Data:
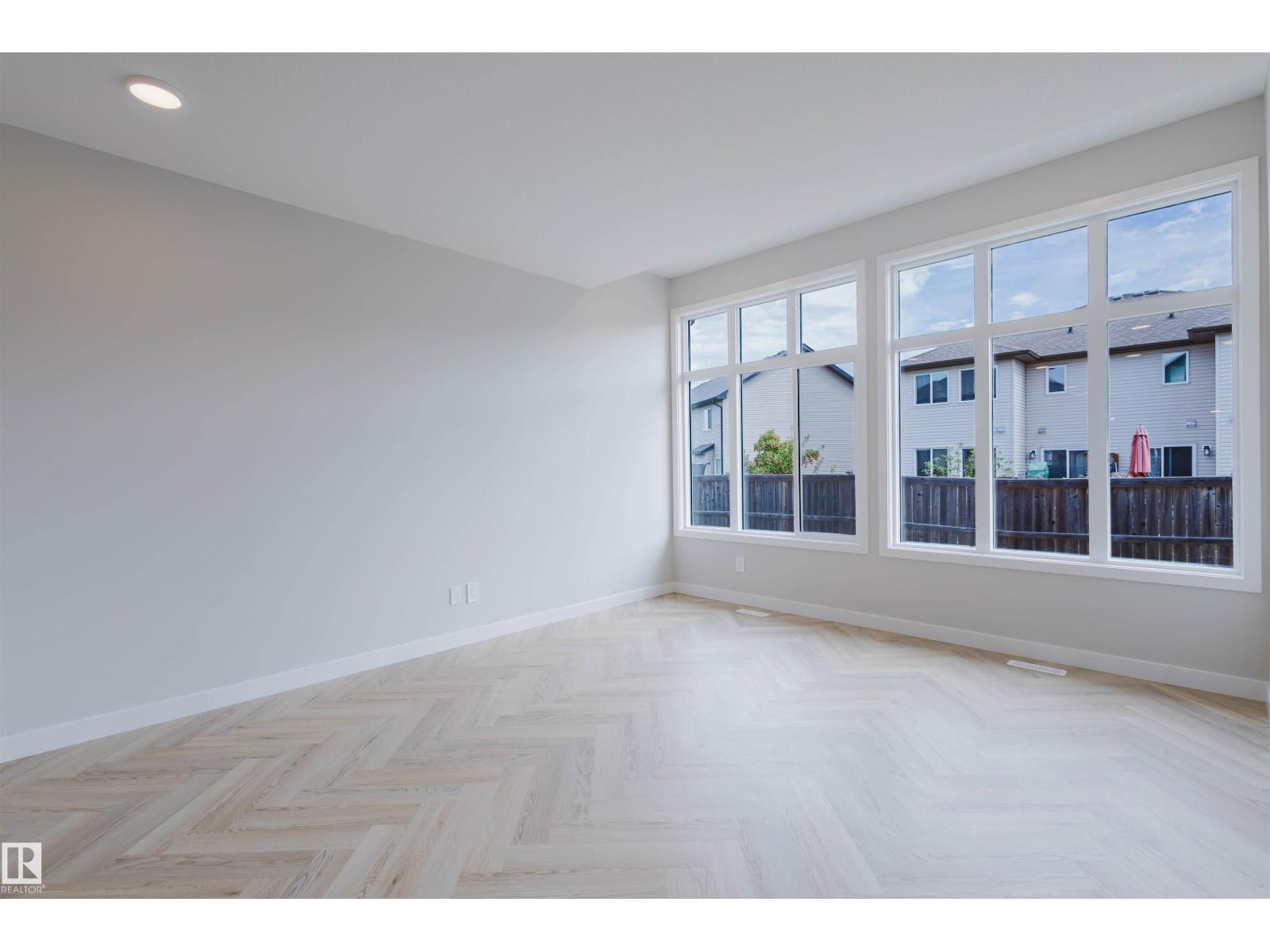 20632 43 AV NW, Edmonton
---
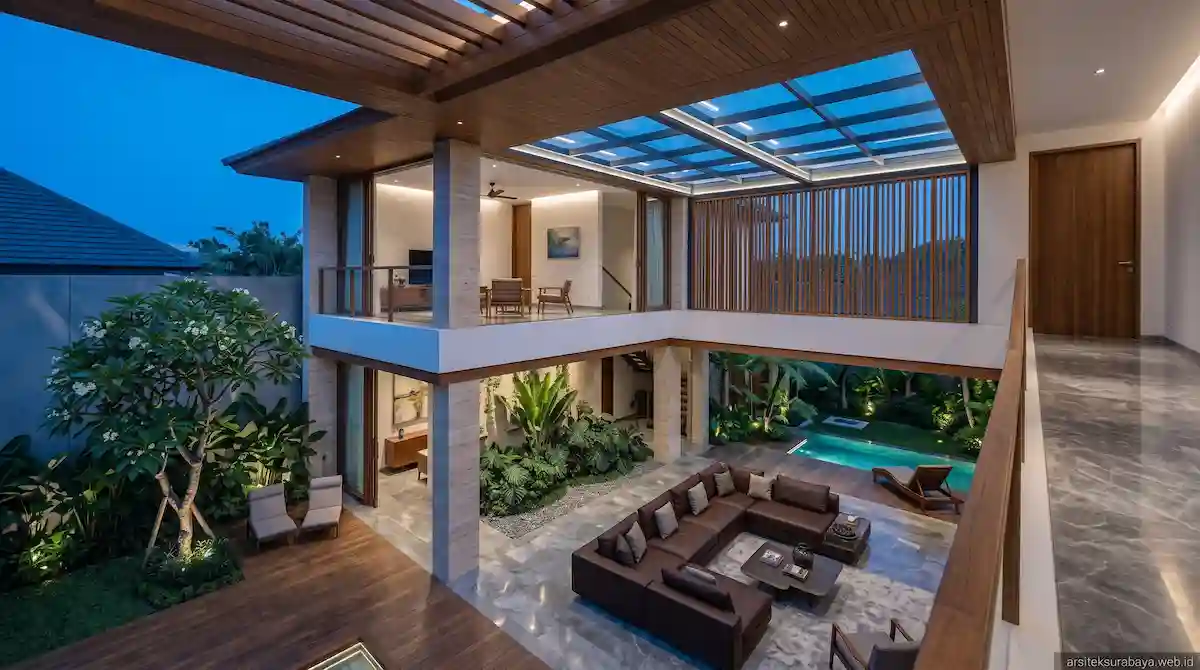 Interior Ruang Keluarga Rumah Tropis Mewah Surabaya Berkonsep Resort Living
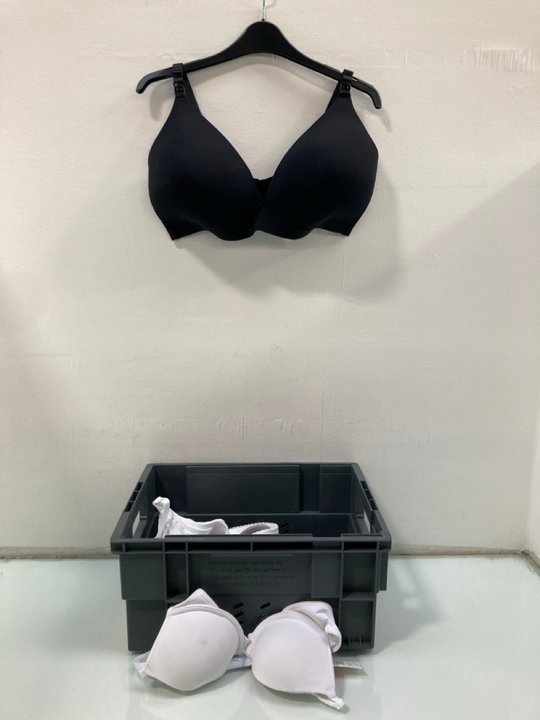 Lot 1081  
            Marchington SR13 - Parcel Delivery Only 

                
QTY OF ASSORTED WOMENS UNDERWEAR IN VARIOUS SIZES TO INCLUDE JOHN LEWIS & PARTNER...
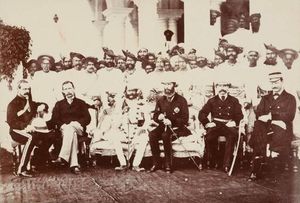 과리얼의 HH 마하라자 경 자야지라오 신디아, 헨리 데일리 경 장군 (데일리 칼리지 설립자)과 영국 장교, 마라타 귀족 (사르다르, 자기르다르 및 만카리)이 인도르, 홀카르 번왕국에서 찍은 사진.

Work request: Copy the lines above exactly, starting at the one with "QTY OF ASSORTED" and ending at the one with "과리얼의 HH 마하라자", both included. Leave out any pictures and add nothing else.

Exercise result:
QTY OF ASSORTED WOMENS UNDERWEAR IN VARIOUS SIZES TO INCLUDE JOHN LEWIS & PARTNER...
 과리얼의 HH 마하라자 경 자야지라오 신디아, 헨리 데일리 경 장군 (데일리 칼리지 설립자)과 영국 장교, 마라타 귀족 (사르다르, 자기르다르 및 만카리)이 인도르, 홀카르 번왕국에서 찍은 사진.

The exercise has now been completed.